[Start of section]

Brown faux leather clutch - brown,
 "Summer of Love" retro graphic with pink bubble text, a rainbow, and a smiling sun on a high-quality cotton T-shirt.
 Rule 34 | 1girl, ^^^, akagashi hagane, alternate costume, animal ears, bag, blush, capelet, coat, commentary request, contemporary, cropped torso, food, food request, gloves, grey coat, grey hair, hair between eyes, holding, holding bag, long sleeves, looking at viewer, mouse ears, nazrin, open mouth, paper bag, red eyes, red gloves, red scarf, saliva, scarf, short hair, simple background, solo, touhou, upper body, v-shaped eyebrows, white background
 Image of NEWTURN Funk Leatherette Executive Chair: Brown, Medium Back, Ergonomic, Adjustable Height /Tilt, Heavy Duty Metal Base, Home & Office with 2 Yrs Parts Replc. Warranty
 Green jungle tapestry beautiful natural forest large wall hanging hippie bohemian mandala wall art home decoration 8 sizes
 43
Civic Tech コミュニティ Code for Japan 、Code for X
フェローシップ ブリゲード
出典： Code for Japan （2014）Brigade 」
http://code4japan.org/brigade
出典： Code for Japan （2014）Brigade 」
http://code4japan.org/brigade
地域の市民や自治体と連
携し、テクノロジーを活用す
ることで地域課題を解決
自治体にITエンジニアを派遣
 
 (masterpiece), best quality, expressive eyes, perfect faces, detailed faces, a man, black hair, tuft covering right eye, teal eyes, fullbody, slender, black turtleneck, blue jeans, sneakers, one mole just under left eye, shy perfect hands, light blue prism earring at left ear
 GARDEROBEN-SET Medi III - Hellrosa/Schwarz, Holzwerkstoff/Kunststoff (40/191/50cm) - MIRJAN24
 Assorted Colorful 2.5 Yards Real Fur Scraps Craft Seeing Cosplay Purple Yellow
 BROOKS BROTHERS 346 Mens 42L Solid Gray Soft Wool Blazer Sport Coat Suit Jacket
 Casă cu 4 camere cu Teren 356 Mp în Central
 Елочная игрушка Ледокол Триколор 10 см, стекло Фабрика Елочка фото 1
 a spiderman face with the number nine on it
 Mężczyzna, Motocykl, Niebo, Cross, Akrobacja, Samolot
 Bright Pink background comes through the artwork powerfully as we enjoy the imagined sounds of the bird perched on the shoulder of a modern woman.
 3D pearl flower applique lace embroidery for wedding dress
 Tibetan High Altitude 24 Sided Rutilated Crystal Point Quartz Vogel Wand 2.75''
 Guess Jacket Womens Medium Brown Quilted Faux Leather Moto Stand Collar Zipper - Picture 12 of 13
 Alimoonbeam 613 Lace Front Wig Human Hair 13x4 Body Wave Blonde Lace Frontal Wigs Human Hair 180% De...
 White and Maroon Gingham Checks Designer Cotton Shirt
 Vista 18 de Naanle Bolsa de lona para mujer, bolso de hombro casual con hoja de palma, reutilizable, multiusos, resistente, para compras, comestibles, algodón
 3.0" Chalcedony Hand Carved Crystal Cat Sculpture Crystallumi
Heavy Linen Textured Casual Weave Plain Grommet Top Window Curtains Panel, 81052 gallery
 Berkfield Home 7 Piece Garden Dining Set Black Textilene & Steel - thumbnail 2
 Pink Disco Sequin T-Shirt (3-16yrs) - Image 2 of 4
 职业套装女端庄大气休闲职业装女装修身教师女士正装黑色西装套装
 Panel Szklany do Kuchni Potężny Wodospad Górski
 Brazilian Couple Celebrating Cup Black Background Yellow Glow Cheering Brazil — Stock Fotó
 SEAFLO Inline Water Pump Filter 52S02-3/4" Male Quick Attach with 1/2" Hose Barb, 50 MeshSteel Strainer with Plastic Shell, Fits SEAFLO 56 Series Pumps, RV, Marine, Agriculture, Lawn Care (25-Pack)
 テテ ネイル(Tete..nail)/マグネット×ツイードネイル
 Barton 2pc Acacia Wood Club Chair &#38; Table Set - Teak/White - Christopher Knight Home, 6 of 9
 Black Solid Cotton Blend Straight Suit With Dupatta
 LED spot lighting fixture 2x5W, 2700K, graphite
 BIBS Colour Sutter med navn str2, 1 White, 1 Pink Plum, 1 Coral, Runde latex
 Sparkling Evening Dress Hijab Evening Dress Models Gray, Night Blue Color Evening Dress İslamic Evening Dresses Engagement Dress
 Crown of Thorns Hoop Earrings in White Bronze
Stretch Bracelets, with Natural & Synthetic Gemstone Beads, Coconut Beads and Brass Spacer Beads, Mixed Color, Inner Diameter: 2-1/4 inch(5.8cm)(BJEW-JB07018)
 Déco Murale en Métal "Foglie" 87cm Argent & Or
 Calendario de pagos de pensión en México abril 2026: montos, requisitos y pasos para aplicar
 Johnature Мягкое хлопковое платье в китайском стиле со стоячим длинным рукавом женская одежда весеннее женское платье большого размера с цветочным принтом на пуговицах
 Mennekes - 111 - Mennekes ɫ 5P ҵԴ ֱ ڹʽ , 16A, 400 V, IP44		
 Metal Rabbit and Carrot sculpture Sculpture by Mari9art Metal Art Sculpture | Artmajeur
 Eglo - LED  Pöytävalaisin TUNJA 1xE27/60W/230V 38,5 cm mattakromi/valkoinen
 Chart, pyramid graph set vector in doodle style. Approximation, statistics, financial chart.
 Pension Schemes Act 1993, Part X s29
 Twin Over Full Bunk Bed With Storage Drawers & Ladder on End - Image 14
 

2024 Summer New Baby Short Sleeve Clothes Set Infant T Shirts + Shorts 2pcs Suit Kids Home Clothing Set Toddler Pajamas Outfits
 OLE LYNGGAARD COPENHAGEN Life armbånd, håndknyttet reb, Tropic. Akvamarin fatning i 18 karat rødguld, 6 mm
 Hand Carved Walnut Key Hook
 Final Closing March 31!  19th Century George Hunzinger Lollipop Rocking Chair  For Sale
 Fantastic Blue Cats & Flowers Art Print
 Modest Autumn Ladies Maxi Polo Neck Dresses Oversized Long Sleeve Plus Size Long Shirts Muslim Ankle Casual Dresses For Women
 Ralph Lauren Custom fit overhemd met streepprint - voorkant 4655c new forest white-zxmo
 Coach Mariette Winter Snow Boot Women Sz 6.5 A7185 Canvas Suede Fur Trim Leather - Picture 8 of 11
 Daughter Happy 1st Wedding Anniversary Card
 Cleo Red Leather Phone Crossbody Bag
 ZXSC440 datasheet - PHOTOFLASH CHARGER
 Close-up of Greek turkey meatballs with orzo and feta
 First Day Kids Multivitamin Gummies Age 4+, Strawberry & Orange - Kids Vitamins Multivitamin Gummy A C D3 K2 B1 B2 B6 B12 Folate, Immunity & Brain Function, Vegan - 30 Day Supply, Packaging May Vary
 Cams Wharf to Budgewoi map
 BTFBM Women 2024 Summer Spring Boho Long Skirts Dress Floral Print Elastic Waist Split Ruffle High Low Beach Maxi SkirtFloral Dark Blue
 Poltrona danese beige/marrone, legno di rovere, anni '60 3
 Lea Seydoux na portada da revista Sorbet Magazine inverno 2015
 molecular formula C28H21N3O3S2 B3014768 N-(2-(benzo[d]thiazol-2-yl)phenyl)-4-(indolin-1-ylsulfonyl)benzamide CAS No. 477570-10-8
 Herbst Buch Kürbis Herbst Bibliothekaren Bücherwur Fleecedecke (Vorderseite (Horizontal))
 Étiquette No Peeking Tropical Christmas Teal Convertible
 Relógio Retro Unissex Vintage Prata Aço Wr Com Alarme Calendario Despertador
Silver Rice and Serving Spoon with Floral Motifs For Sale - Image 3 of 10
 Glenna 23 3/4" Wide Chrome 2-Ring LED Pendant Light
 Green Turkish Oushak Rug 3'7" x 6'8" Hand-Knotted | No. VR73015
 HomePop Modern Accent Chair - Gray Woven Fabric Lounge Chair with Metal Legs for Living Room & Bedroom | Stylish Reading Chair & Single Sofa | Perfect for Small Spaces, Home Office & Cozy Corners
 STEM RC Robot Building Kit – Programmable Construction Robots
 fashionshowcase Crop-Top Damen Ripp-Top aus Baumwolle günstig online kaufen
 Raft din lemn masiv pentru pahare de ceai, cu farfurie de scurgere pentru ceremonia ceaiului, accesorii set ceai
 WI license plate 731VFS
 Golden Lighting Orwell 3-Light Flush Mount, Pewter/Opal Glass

[End of section]

## ACTION ITEM
Once the line containing "Rule 34 | 1girl, ^^^, akagashi" has been retyped, stop. Begin at the first line of the material and reproduce every line up to it exactly.

## OUTPUT OF THE EXERCISE
Brown faux leather clutch - brown,
 "Summer of Love" retro graphic with pink bubble text, a rainbow, and a smiling sun on a high-quality cotton T-shirt.
 Rule 34 | 1girl, ^^^, akagashi hagane, alternate costume, animal ears, bag, blush, capelet, coat, commentary request, contemporary, cropped torso, food, food request, gloves, grey coat, grey hair, hair between eyes, holding, holding bag, long sleeves, looking at viewer, mouse ears, nazrin, open mouth, paper bag, red eyes, red gloves, red scarf, saliva, scarf, short hair, simple background, solo, touhou, upper body, v-shaped eyebrows, white background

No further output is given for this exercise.